● **ACTIVITY**
Should pictures appear among the records, leave them out, and copy exactly only the lines from the first through the one with "nasazlıq qeydə alınıb", inclusive.

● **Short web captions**

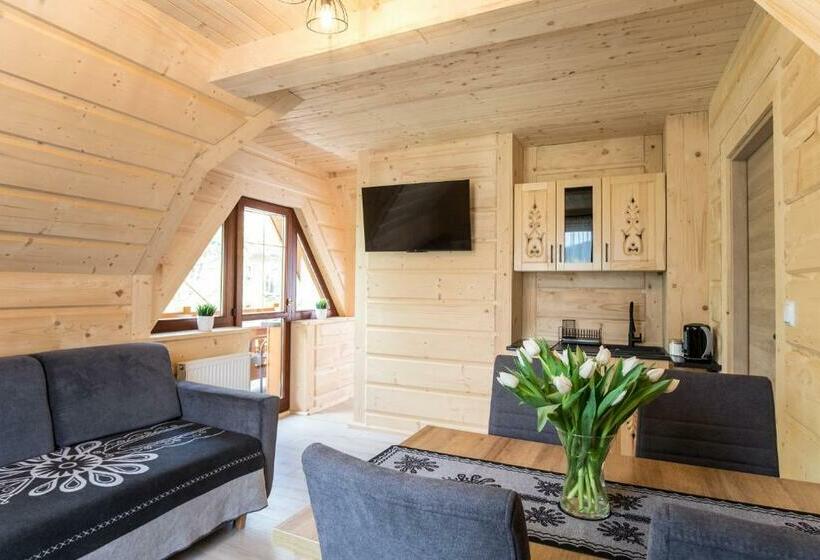 پانسیون Willa Modrzejówka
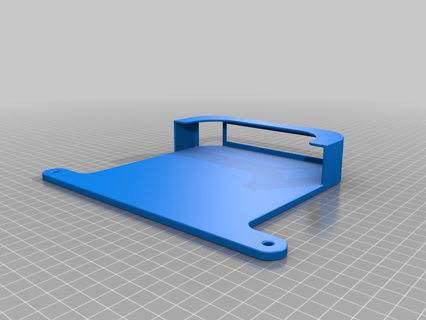 vodafone Vesa alça 3d print model - Mito3D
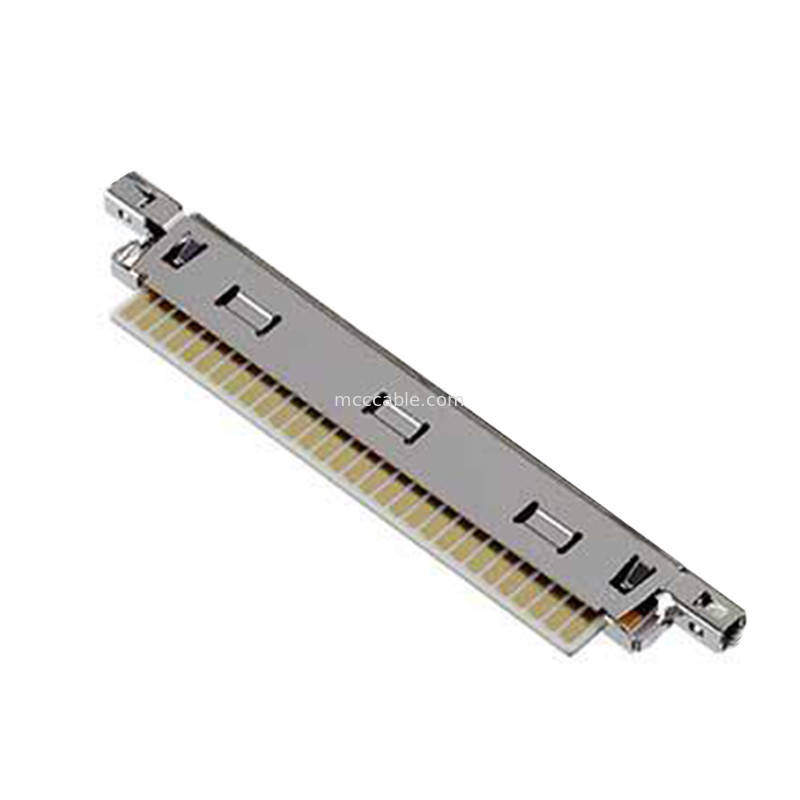 20862-030T-01 20849-030E-01 30P Volledig afgeschermd met meerpuntsgrondslag en mechanisch slot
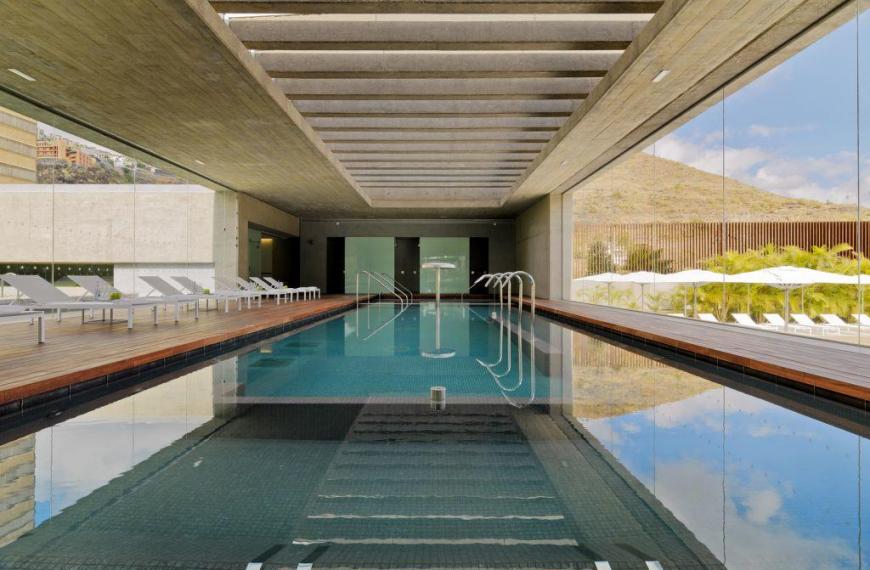 5 Sterne Hotel: Iberostar Heritage Grand Mencey - Santa Cruz, Teneriffa (Kanaren)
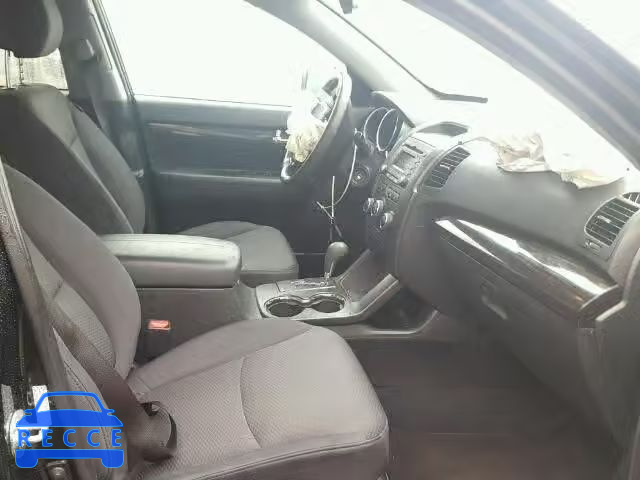 2011 KIA SORENTO BA 5XYKT3A14BG118915 image 4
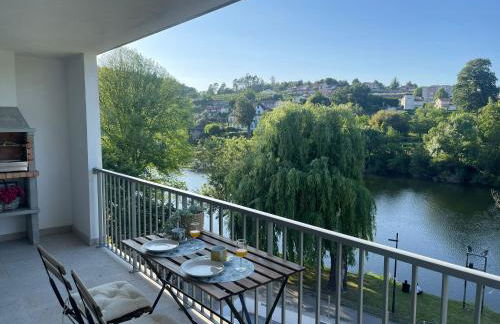 PLACIDO RIVER HOUSE APARTAMENTO - Foto 1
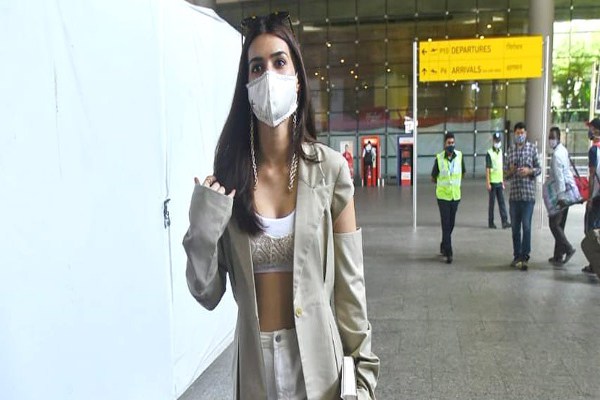 Actress Kriti Sanon is preparing for the film Adipurush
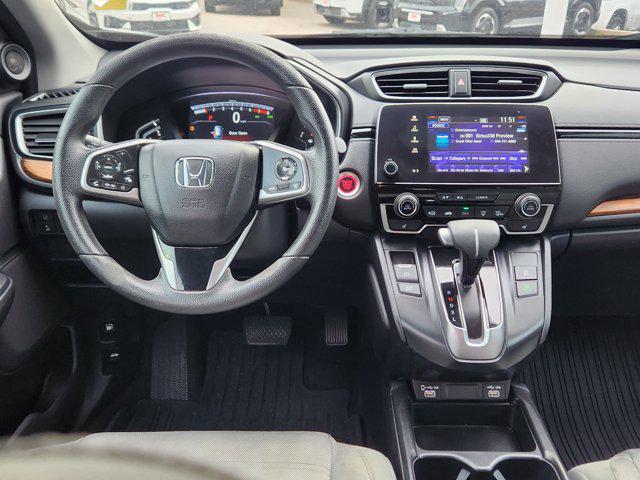 2020 Honda CR-V AWD EX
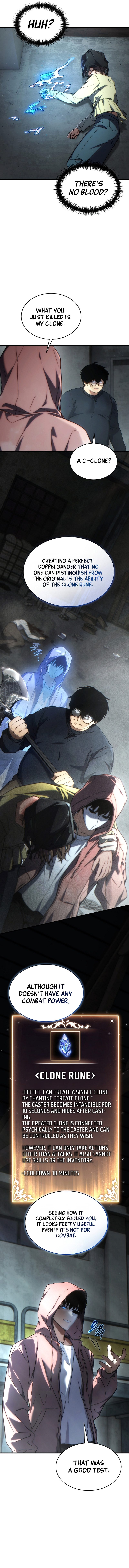 The Max-Level Player’s 100th Regression Chapter 45 - Page 3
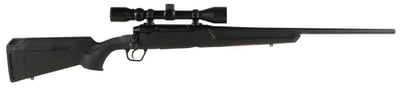Savage Arms Axis XP 308 4 Round Bolt Action Centerfire Rifle, Sporter - 57261 - $349.99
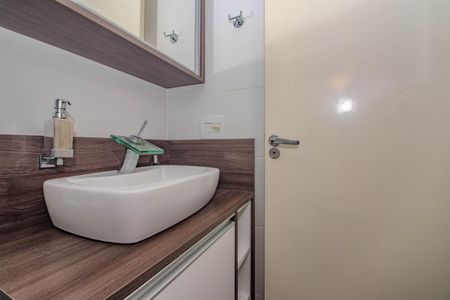 Apartamento à venda com 66m², 3 quartos e 1 vagaBanheiro Social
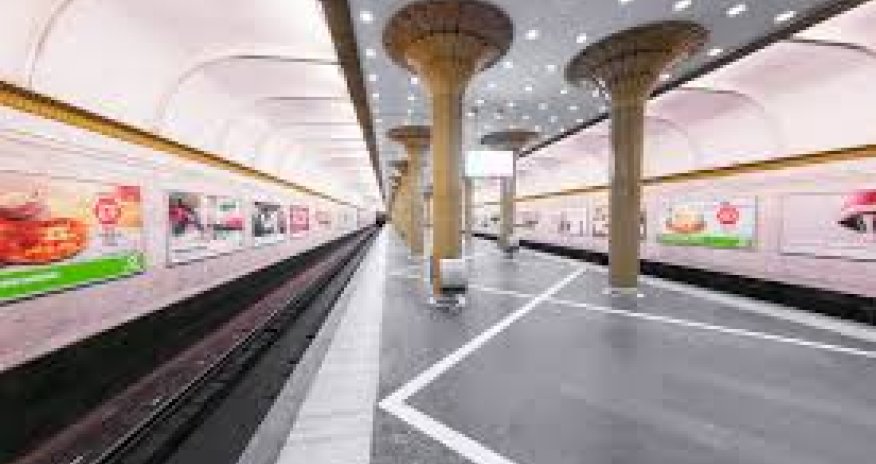 &ldquo;Nərimanov&rdquo; stansiyasında qatarın işıqlandırma blokunda nasazlıq qeydə alınıb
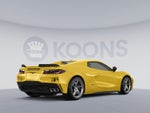 2025 Chevrolet Corvette E-Ray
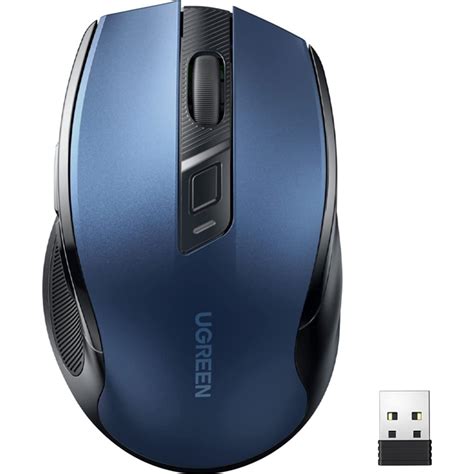 Мышь «Ugreen» MU006, 15064, blue купить в Минске: недорого, в рассрочку ...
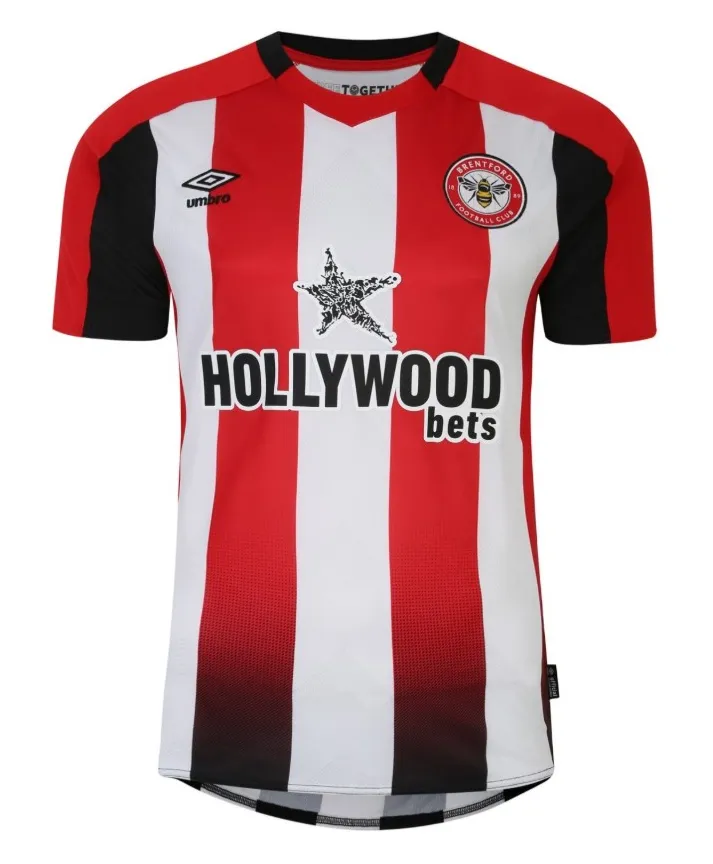 Jersey Brentford Home 2024/25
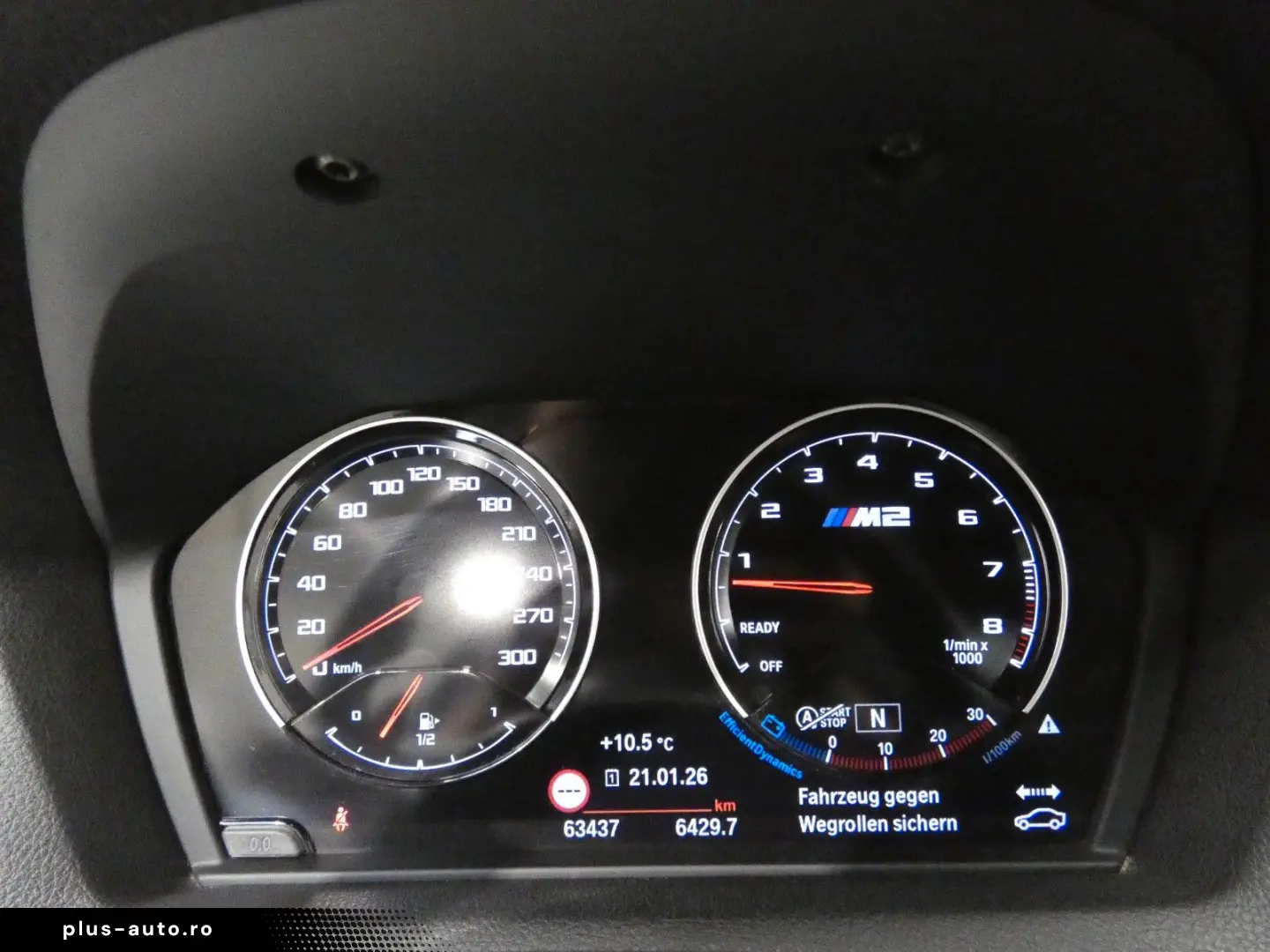 BMW M2 Coupe Competition NaviProf DAB HiFi GSD RFK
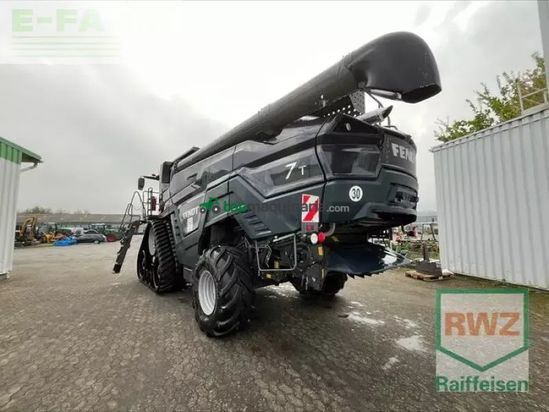 Cosechadora de Cereal - Fendt - ideal 7t
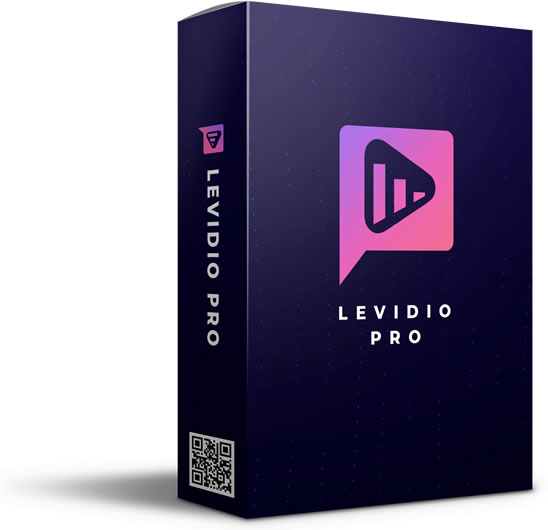 Levidio PRO - Evaluation en français par Top-Recommandations.com
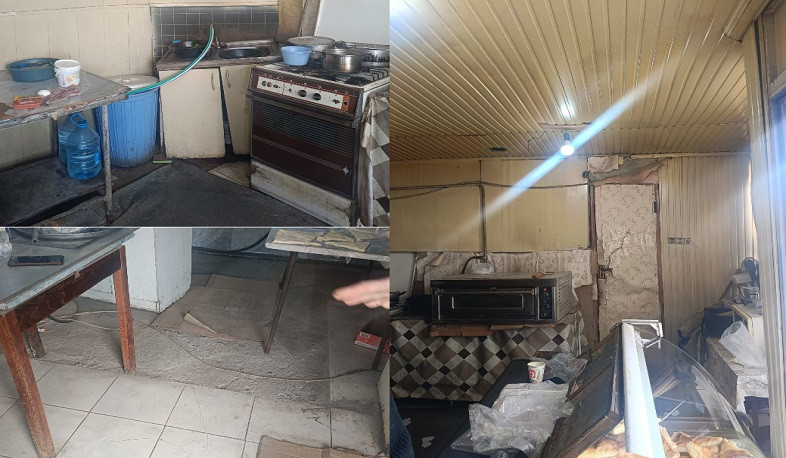 Աշտարակում հանրային սննդի օբյեկտի գործունեություն է կասեցվել. ՍԱՏՄ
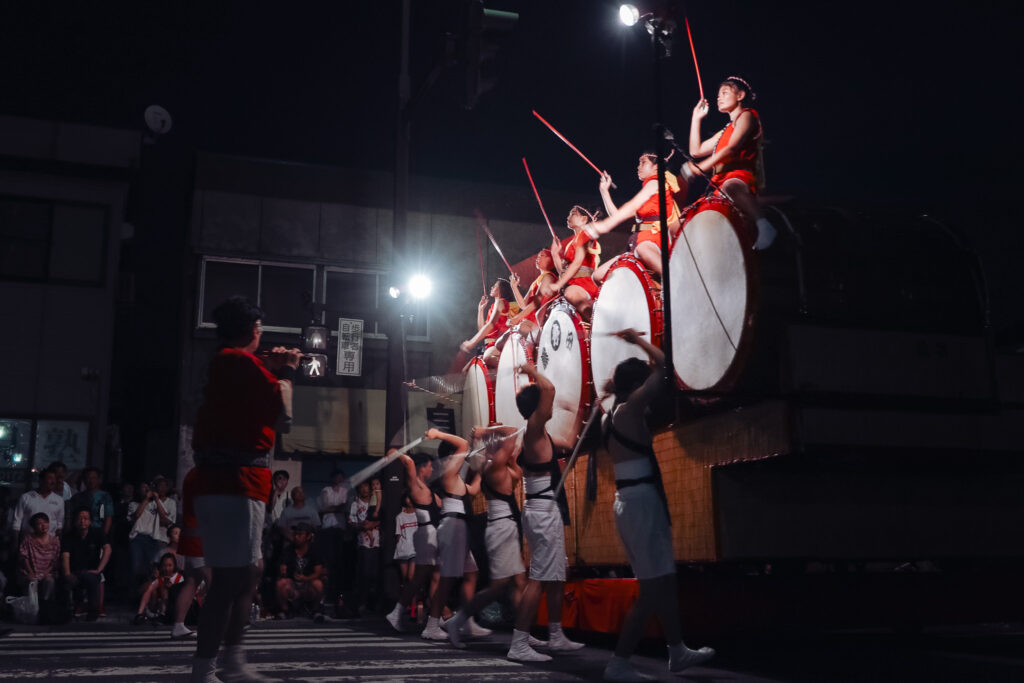 festival tohoku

● **SOLUTION TO THIS PROBLEM**
 پانسیون Willa Modrzejówka
 vodafone Vesa alça 3d print model - Mito3D
 20862-030T-01 20849-030E-01 30P Volledig afgeschermd met meerpuntsgrondslag en mechanisch slot
 5 Sterne Hotel: Iberostar Heritage Grand Mencey - Santa Cruz, Teneriffa (Kanaren)
 2011 KIA SORENTO BA 5XYKT3A14BG118915 image 4
 PLACIDO RIVER HOUSE APARTAMENTO - Foto 1
 Actress Kriti Sanon is preparing for the film Adipurush
 2020 Honda CR-V AWD EX
 The Max-Level Player’s 100th Regression Chapter 45 - Page 3
Savage Arms Axis XP 308 4 Round Bolt Action Centerfire Rifle, Sporter - 57261 - $349.99
 Apartamento à venda com 66m², 3 quartos e 1 vagaBanheiro Social
 &ldquo;Nərimanov&rdquo; stansiyasında qatarın işıqlandırma blokunda nasazlıq qeydə alınıb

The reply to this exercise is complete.